▸ **Problem statement**:
Make an exact copy of the lines from the one containing "Labradoodle" through the end of the records below, and leave out every picture.

▸ **The data**:
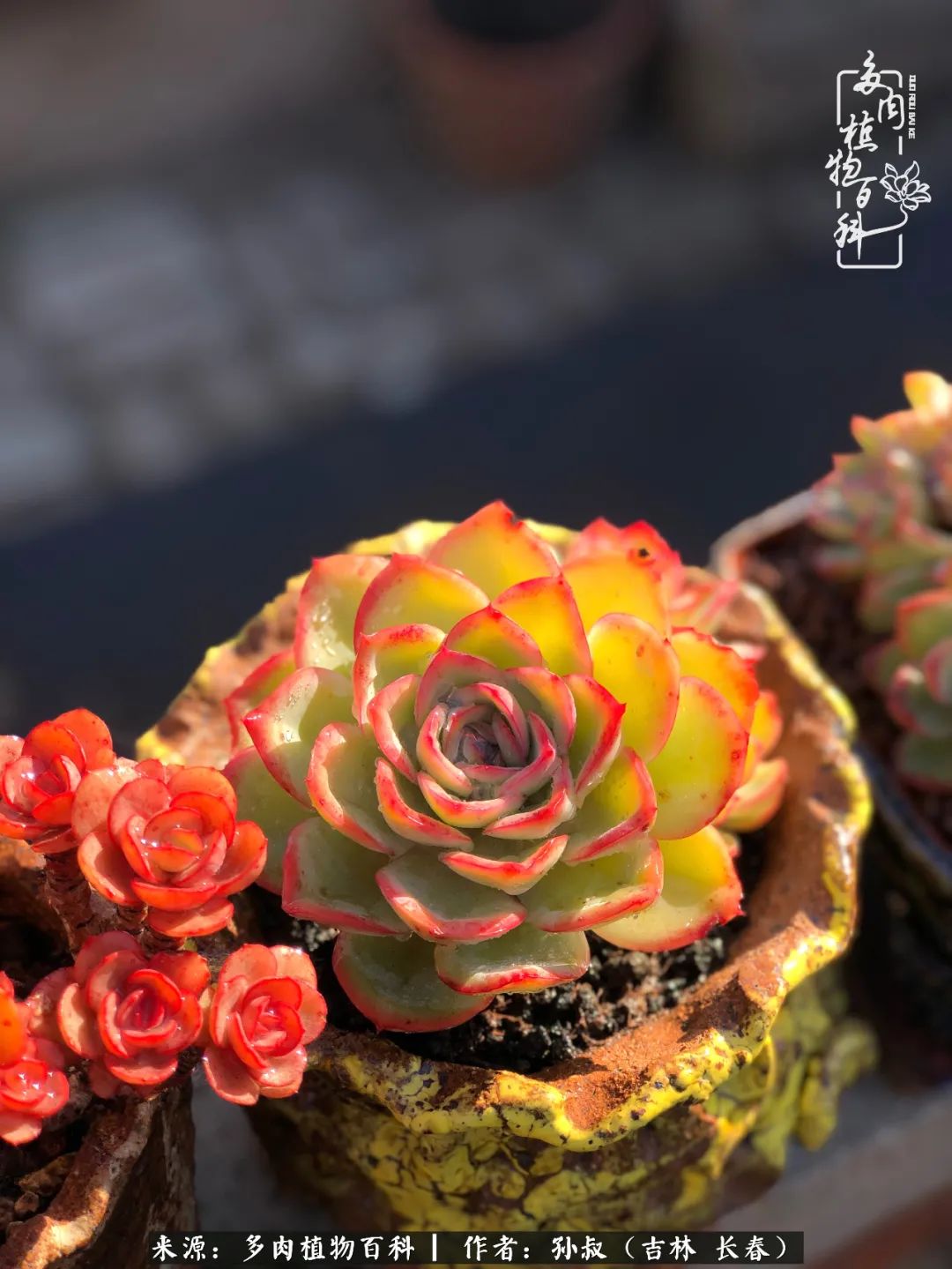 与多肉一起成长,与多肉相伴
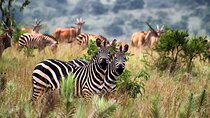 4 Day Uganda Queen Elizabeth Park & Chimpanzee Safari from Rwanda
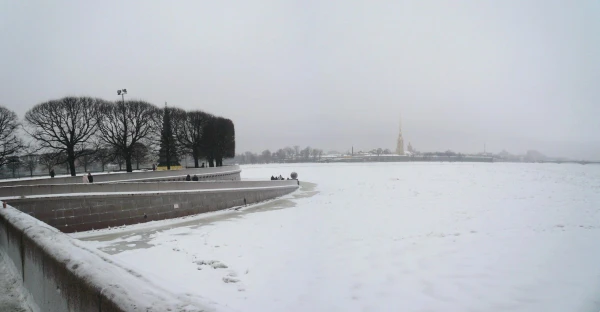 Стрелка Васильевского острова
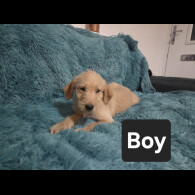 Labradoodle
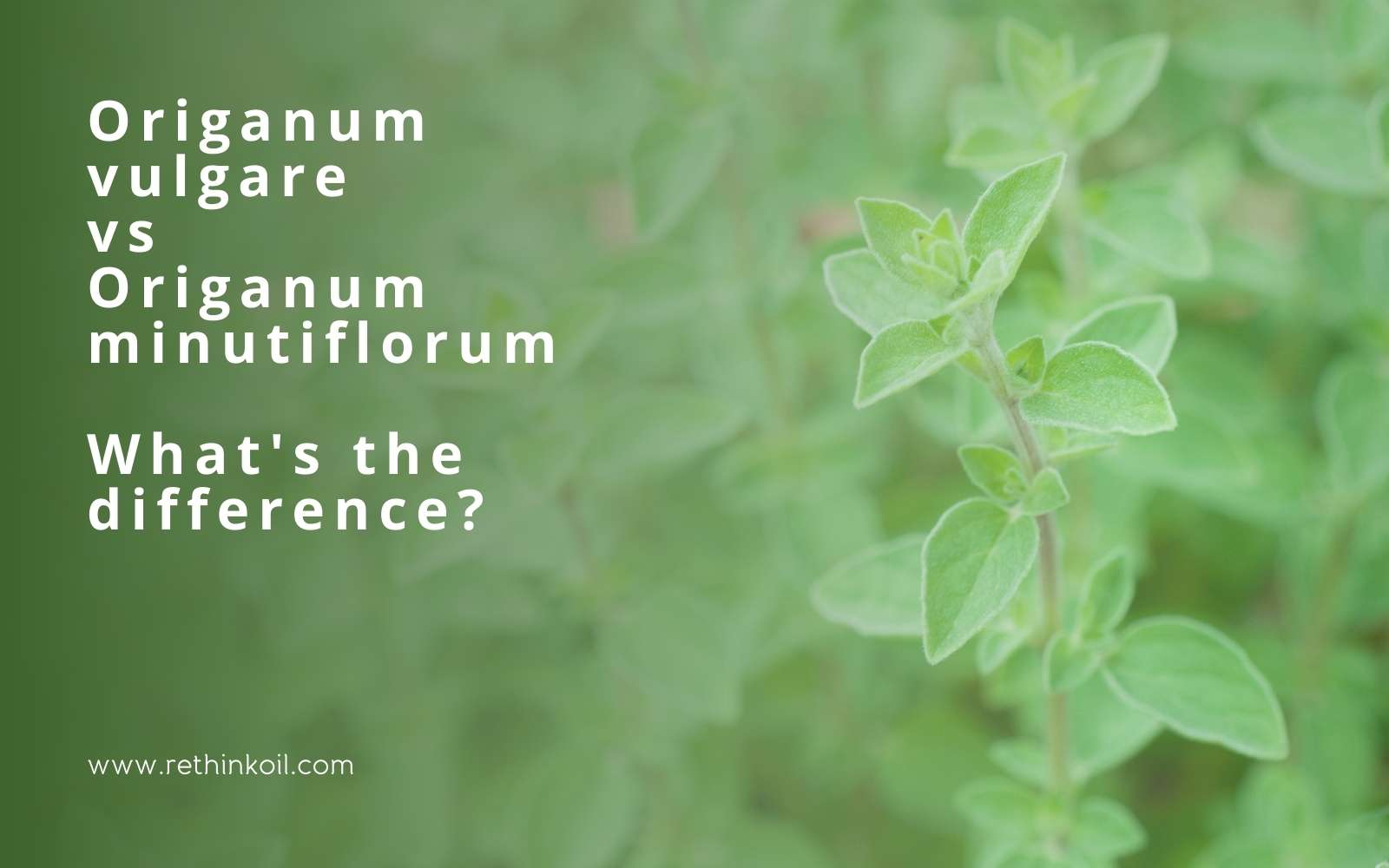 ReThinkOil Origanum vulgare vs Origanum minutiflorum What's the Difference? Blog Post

▸ **Result**:
 Labradoodle
 ReThinkOil Origanum vulgare vs Origanum minutiflorum What's the Difference? Blog Post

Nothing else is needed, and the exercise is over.